Task to complete:
Begin with the line that holds "The Artist's Father" and retype through the last line of the listing below, exactly; pictures are not part of the copy.

Input data:
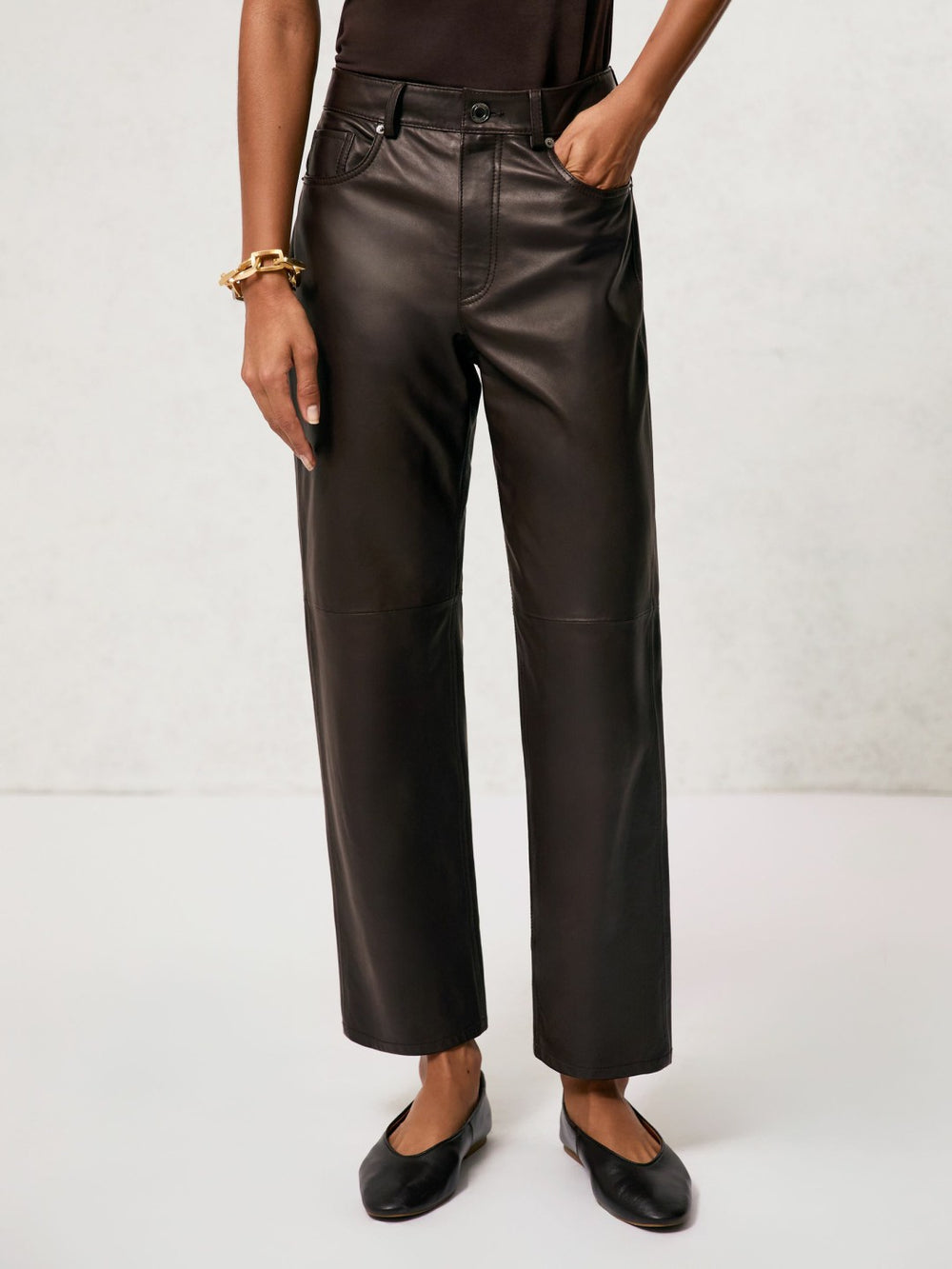 Petite Leather Slim-Leg Trousers Chocolate | Womens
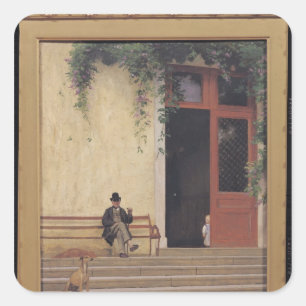 The Artist's Father and Son on the Doorstep Square Sticker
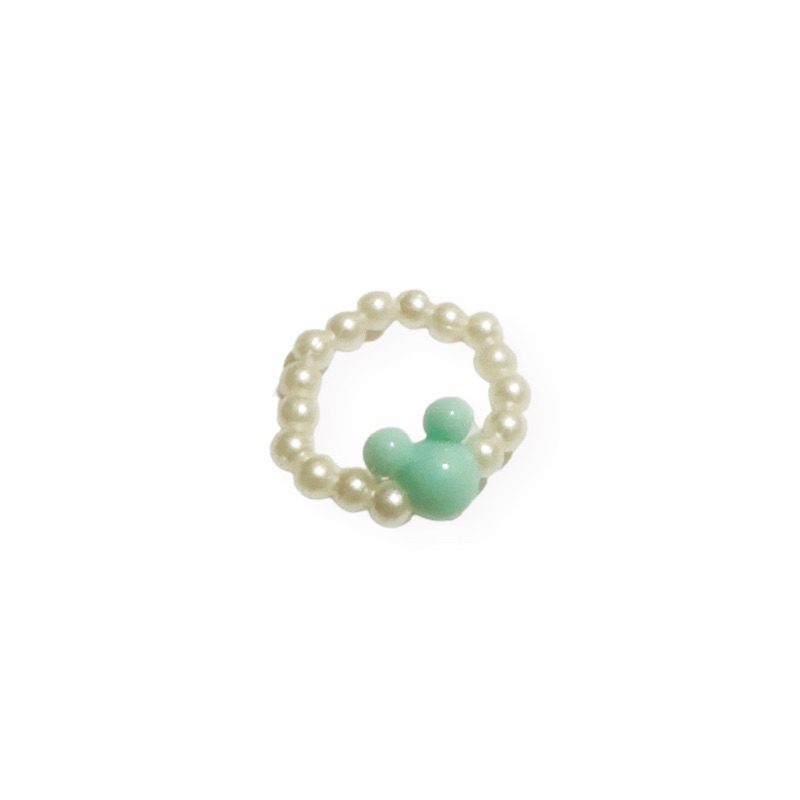 Cincin Beads Mickey Karakter Aesthetic Mutiara Elastis Pearl Ring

Result:
 The Artist's Father and Son on the Doorstep Square Sticker
 Cincin Beads Mickey Karakter Aesthetic Mutiara Elastis Pearl Ring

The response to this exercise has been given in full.